YOUR TASK: Report each line of the entries below that has the word "stainless" in it.
*** Opening SUPPLIED DATA ***
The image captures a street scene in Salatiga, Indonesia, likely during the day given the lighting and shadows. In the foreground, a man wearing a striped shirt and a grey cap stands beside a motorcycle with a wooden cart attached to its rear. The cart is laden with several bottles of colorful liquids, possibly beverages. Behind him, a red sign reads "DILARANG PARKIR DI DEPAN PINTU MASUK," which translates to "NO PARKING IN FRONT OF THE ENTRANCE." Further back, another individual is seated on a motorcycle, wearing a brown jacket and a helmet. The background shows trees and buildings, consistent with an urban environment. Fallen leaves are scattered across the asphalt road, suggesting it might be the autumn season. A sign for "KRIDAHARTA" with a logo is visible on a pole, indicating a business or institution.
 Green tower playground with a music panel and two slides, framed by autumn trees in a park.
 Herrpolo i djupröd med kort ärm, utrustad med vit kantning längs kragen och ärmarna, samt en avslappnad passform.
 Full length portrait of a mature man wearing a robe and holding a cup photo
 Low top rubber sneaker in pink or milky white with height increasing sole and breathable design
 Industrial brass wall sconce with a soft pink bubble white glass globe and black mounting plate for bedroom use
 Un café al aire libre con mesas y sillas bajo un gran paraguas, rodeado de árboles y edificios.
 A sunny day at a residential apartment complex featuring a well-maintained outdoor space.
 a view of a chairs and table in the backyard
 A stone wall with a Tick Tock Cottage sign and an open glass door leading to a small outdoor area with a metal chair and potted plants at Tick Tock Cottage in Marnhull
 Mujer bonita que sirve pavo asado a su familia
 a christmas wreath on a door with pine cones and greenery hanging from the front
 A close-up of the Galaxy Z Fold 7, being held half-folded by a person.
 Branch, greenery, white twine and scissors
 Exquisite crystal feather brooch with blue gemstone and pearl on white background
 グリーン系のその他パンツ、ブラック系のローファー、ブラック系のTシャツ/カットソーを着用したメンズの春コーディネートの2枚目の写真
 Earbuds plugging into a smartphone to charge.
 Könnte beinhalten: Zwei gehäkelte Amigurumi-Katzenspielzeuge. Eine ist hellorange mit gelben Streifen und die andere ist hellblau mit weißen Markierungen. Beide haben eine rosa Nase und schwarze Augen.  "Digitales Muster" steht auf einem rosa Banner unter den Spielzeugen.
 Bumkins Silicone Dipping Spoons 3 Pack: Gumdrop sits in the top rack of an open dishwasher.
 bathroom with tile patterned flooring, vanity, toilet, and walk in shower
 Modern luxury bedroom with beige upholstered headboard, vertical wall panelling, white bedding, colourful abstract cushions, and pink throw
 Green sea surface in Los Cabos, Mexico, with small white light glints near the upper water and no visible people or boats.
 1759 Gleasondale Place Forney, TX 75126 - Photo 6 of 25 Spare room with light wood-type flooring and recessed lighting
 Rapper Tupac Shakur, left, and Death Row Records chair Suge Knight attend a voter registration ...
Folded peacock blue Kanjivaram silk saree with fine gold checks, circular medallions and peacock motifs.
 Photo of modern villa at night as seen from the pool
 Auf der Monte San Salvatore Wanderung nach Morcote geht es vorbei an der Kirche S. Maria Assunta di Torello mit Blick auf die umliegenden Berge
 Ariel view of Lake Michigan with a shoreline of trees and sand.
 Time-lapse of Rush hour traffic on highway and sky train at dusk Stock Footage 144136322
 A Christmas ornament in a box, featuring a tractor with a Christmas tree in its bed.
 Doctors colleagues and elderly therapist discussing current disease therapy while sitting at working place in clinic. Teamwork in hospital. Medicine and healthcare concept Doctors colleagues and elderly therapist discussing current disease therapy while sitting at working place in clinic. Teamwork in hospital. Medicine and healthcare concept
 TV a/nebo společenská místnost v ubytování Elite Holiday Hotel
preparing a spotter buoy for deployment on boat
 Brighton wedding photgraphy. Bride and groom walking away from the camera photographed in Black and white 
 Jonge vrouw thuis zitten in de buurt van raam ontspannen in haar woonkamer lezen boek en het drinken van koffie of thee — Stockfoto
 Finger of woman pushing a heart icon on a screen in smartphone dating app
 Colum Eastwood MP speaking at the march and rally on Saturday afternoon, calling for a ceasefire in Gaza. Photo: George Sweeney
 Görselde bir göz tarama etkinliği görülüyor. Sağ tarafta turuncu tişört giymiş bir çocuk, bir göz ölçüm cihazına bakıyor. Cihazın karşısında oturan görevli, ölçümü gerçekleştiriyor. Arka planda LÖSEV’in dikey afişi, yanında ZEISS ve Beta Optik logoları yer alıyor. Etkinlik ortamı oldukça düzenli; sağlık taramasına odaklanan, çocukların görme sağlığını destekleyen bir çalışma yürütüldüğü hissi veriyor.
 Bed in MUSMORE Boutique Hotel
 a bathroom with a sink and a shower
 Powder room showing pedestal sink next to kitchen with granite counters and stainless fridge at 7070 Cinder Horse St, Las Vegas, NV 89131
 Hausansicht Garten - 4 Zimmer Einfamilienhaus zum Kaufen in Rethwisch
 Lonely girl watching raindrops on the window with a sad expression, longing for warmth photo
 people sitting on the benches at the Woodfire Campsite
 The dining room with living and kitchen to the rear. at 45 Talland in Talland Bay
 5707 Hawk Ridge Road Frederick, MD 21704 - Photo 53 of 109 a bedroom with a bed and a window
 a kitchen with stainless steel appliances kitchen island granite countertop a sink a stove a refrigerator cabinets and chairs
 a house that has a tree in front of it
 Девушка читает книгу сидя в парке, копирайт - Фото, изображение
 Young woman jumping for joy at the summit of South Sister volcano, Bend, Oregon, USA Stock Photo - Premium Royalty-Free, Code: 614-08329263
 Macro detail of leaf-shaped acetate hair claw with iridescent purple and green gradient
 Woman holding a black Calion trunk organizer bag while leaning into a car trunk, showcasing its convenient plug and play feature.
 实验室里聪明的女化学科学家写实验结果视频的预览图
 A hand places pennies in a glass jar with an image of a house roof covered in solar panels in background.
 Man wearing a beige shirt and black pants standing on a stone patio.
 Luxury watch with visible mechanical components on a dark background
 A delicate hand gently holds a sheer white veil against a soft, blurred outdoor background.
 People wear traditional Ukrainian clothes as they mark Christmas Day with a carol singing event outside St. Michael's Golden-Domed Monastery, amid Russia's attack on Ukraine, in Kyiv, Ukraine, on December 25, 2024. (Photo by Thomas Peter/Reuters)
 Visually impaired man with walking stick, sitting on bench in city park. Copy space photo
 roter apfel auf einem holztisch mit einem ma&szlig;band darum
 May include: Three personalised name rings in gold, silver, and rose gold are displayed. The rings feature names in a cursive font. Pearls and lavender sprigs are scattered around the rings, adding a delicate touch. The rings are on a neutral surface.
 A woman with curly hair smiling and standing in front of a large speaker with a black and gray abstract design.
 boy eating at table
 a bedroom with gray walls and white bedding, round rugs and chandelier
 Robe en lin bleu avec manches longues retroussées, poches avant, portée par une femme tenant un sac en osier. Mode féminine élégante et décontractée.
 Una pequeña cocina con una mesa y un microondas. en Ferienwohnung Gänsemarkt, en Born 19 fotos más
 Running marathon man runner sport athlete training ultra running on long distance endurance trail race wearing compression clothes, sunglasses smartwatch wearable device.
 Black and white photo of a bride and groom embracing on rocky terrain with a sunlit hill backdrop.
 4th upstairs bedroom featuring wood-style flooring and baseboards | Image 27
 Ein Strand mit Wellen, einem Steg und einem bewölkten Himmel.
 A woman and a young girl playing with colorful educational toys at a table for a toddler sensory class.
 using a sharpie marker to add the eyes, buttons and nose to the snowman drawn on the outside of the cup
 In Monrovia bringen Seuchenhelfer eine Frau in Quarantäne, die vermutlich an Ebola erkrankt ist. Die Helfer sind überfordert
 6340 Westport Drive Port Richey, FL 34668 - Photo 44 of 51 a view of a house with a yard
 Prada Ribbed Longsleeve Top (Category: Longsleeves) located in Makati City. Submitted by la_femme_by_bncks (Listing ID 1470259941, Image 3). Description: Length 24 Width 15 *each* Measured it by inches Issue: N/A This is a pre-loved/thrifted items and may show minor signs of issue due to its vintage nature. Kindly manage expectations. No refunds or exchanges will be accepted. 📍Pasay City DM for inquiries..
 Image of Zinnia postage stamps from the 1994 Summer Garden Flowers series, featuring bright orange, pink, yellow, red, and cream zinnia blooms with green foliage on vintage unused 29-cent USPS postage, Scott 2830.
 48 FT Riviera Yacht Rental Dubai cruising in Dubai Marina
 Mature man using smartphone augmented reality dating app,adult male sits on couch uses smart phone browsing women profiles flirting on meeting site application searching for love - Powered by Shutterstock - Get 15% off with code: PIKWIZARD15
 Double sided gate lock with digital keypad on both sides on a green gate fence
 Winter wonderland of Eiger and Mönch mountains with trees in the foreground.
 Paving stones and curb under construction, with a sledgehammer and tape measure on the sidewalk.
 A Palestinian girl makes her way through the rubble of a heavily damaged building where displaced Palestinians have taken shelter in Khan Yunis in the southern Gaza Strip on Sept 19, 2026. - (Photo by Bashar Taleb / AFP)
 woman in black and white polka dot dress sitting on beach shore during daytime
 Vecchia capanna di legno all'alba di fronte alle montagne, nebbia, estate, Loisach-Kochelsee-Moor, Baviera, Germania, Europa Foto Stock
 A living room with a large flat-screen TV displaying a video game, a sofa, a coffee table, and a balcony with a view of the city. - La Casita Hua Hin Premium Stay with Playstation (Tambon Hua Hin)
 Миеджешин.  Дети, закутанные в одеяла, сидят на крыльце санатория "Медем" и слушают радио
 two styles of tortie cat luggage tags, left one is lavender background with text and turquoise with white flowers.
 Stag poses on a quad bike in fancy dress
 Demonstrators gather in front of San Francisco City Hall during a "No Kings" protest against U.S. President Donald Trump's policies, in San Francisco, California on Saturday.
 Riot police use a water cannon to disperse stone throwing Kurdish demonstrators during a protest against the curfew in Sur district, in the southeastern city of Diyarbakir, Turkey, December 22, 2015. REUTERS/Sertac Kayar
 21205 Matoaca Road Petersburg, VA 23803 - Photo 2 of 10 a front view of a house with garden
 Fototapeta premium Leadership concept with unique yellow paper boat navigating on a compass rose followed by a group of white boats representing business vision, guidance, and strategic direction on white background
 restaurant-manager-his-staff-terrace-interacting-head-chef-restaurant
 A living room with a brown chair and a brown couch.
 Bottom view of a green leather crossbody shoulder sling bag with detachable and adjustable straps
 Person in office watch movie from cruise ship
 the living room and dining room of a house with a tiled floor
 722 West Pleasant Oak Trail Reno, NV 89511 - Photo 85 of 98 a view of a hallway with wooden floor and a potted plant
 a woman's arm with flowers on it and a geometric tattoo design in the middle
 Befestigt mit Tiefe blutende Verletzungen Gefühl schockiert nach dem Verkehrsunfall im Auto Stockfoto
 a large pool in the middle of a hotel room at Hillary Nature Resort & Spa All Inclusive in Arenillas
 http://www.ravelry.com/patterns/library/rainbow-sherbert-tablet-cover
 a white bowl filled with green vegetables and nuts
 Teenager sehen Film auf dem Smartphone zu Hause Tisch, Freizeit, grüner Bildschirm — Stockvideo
*** Closing SUPPLIED DATA ***
ANSWER SPACE:
 Powder room showing pedestal sink next to kitchen with granite counters and stainless fridge at 7070 Cinder Horse St, Las Vegas, NV 89131
 a kitchen with stainless steel appliances kitchen island granite countertop a sink a stove a refrigerator cabinets and chairs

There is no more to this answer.